[PROMPT] The line containing "Metric/SAE - 39pc" marks the end: output every line of the data up to it, and that line too, exactly as written.

*** GIVEN RECORDS ***

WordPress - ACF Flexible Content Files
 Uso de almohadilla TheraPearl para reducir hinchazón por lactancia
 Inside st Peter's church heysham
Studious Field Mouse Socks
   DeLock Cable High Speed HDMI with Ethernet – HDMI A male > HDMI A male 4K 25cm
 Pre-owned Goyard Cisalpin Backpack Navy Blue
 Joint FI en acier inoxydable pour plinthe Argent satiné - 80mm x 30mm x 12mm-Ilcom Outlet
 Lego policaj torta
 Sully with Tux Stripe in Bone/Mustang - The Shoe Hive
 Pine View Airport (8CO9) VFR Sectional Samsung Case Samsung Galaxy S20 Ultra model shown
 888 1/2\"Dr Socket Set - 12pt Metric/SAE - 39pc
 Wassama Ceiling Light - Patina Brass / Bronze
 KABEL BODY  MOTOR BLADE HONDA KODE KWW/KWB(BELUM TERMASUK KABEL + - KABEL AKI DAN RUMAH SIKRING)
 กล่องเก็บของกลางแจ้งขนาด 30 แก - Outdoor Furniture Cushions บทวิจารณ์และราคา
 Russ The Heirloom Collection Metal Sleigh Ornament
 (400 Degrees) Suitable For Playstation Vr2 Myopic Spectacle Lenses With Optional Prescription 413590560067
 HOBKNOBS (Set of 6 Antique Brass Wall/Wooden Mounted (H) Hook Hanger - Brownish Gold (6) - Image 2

*** End of GIVEN RECORDS ***

[TASK ANSWER]
WordPress - ACF Flexible Content Files
 Uso de almohadilla TheraPearl para reducir hinchazón por lactancia
 Inside st Peter's church heysham
Studious Field Mouse Socks
   DeLock Cable High Speed HDMI with Ethernet – HDMI A male > HDMI A male 4K 25cm
 Pre-owned Goyard Cisalpin Backpack Navy Blue
 Joint FI en acier inoxydable pour plinthe Argent satiné - 80mm x 30mm x 12mm-Ilcom Outlet
 Lego policaj torta
 Sully with Tux Stripe in Bone/Mustang - The Shoe Hive
 Pine View Airport (8CO9) VFR Sectional Samsung Case Samsung Galaxy S20 Ultra model shown
 888 1/2\"Dr Socket Set - 12pt Metric/SAE - 39pc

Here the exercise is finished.